= Blue Sky (navigation pod) =

Blue Sky is a combined airborne navigation and targeting pod system for Chinese military aircraft. It is designed to provide aircraft with all-weather/night-attack capabilities. It is the Chinese equivalent of the United States Air Force LANTIRN system. Several derivatives have already been developed since its public debut.

==History==
It was first revealed to the public at the 1998 Zhuhai Air Show, and it is designed by CLETRI, more commonly known as the 607th Institute.

===1st generation===
Most detailed information released by the developer is that for the first-generation Blue Sky navigational pod, which consists of five parts: terrain following radar, wide-field forward looking infrared, environmental control unit (ECU), computer system (NPCC) and power system (NPPW).
- size: 0.295 cubic metre
- weight: 200 kg
- maximum aircraft speed: 900 km/hour
- minimum altitude: 60 metre
- maximum continuous operation in terrain following mode at minimum altitude: > 50 minutes
- g force: -1 g to + 12 g
- FLIR range: > 10 km
- Radar range: > 15 km
In comparison to the first-generation LANTIRN, the radar range of the Blue Sky navigational pod is 25% longer than the 12 km range of TFR in AN/AAQ-13, but still less than the 24 km range of the second-generation LANTIRN. Built–in test (BITE) function is also incorporated.

===2nd generation===
The second-generation Blue Sky navigational pod was also first publicized at the Zhuhai Air Show, several years later. The main improvement included the increased MTBF, longer continuous operational times in terrain following mode, incorporating SAR mode up to 3 meter resolution.
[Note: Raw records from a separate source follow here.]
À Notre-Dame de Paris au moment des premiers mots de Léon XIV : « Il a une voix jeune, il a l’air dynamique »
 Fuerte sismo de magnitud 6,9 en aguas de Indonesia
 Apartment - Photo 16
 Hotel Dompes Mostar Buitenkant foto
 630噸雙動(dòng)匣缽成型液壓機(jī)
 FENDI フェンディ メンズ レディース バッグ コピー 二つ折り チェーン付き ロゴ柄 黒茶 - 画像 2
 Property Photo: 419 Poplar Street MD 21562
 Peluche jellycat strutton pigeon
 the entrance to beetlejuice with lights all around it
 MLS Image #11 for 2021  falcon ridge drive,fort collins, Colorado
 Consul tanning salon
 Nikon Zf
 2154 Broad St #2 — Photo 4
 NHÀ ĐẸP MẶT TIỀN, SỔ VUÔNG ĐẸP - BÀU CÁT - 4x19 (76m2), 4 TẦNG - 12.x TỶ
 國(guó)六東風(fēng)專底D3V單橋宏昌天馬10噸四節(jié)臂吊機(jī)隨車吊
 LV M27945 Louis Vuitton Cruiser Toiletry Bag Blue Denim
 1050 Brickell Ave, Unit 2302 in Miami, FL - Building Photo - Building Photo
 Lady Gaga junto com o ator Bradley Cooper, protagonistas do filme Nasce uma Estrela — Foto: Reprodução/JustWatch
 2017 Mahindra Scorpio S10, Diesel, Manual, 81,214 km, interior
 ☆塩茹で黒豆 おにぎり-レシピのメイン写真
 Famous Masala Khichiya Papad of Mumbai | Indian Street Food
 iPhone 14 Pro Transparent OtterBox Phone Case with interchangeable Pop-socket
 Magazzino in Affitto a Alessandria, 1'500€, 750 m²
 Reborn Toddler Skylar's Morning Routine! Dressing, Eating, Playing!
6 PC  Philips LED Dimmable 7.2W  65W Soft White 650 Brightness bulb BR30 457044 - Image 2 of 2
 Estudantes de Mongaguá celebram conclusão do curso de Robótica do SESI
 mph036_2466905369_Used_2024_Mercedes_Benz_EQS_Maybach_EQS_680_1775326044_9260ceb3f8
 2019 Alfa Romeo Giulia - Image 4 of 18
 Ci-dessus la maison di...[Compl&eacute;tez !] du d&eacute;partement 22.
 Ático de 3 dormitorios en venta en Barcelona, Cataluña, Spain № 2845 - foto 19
The terrain following radar is also upgraded to incorporated fire control capability, though this practice is not recommended by the developer because doing so would reveal the aircraft thus providing the enemy with longer reaction times. However, the fire control capability could be an asset when the second-generation pod is carried by attack aircraft without radars such as those converted from trainers. Open architecture of software programming and modular design are also incorporated.

===3rd generation===
At 6th Zhuhai Air Show in 2006, the developer of Blue Sky navigational pod revealed that the third-generation Blue Sky navigational/attack pod has already entered Chinese service, though due to security reasons, the actual pod was not shown at the air show, and very little information is released except the following:

- The minimum altitude of terrain following mode is further reduced to 30 meter from the original 60 meter.
- The maximum radar range is increased to over 30 km from the original 15 km
- SAR mode up to 1 meter resolution from the original 3 meter
- Increased continuous operational times in terrain following mode
- Further increased MTBF.
- Open architecture software programming
- Modular design of the hardware.
- Option to upgrade to MIL-STD-1773 STD compatibility

==Future development==
Staff of CLETRI, the developer of the Blue Sky navigational/attack pod also revealed at the 6th Zhuhai Air Show in 2006 that the next-generation pod is under development, utilizing phased-array antenna for the new terrain-following radar. Just like the AN/AAQ-19 Pathfinder navigational pod, a simplified AN/AAQ-13 developed as a cheaper alternative, a similar cheaper alternative for Blue Sky navigational/attack pod has also been developed by simplifying the pod via the deletion of the terrain following radar; however, the name and designation of this derivative is unknown and there is no known success of sales either.